• **What is expected**:
All the lines below need retyping exactly, apart from the images.

• **Material provided**:

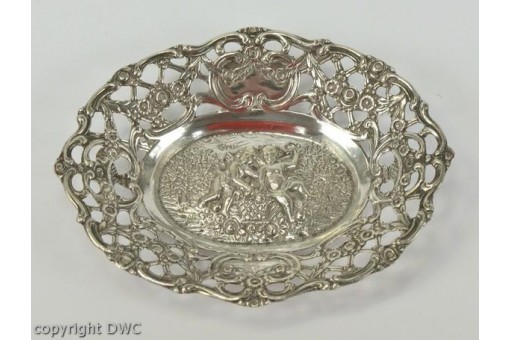 Antike Anbietschale Silberschale Schale in aus 835 Silber mit Pärchenszene Antik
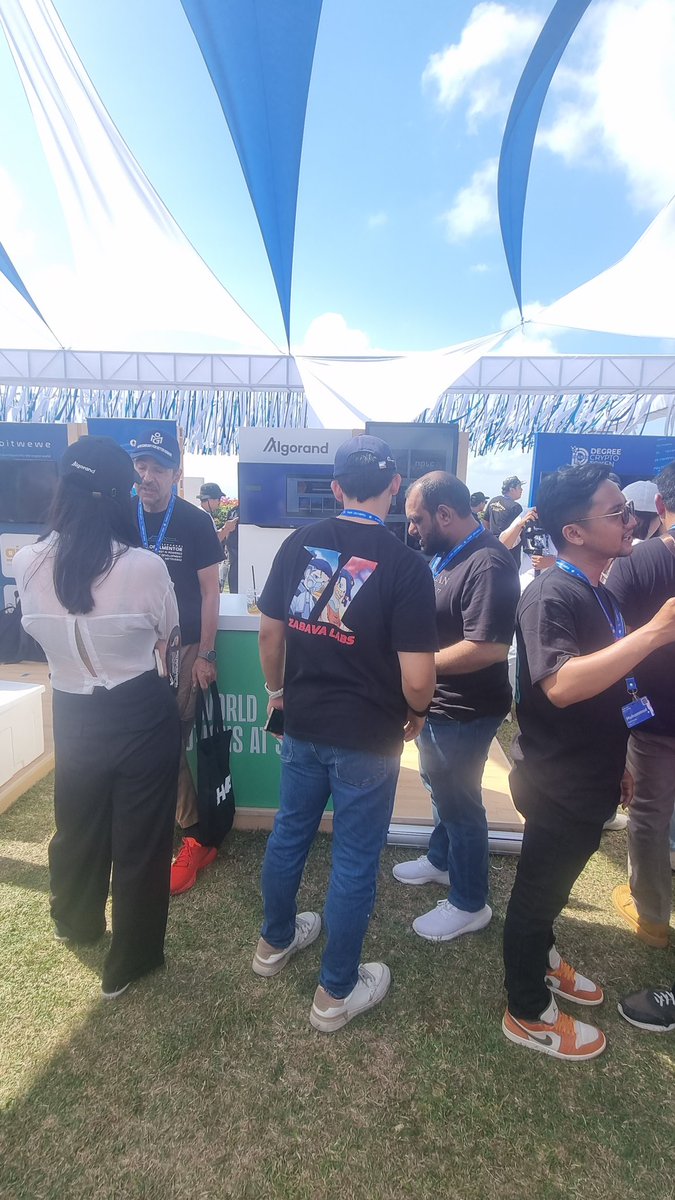 #Algorand is here: Coinfest Asia Bali, 2023. 

Kunjungi booth kami, ambil photo, tag Algorand Indonesia dan <a href="/Algorand/">Algorand Technologies</a>, jangan lupa gunakan #Algofam. 

Kami akam memilih photo terbaik dan memberikan sejumlah $Algo.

• **Solution to the exercise**:
 Antike Anbietschale Silberschale Schale in aus 835 Silber mit Pärchenszene Antik
 #Algorand is here: Coinfest Asia Bali, 2023. 

Kunjungi booth kami, ambil photo, tag Algorand Indonesia dan <a href="/Algorand/">Algorand Technologies</a>, jangan lupa gunakan #Algofam. 

Kami akam memilih photo terbaik dan memberikan sejumlah $Algo.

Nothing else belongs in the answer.